##### Data #####

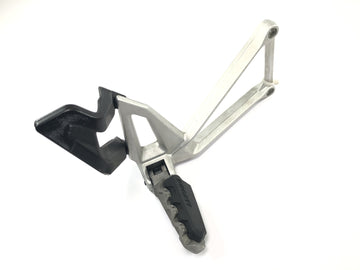 Ducati Multistrada 1200 S Touring [2009] - Pillion fotstøtte fotstøtte holder brakett høyre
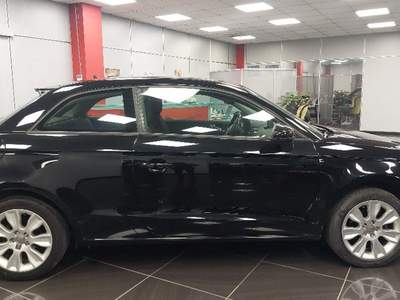 Audi A1 1.2 TFSI Attraction Nero usata Vicolungo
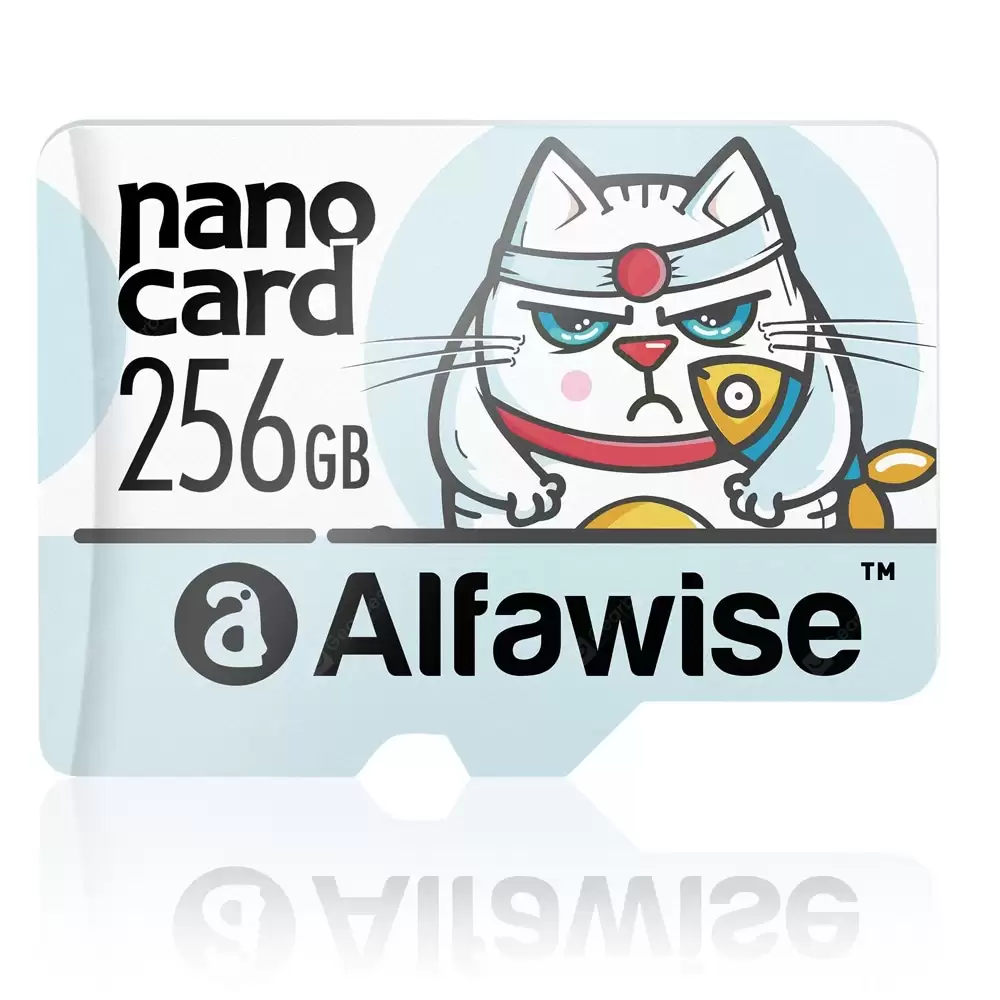 Order In Just $30.99 Alfawise 256gb Uhs - 3 Xc High Speed High Capacity Micro Sd Card - Multi Light Sky Blue 256gb 27 At Gearbest With This Coupon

#####

**To do**
An exact copy of the data is required, with the pictures excluded.

**Reply to the exercise**
 Ducati Multistrada 1200 S Touring [2009] - Pillion fotstøtte fotstøtte holder brakett høyre
 Audi A1 1.2 TFSI Attraction Nero usata Vicolungo
 Order In Just $30.99 Alfawise 256gb Uhs - 3 Xc High Speed High Capacity Micro Sd Card - Multi Light Sky Blue 256gb 27 At Gearbest With This Coupon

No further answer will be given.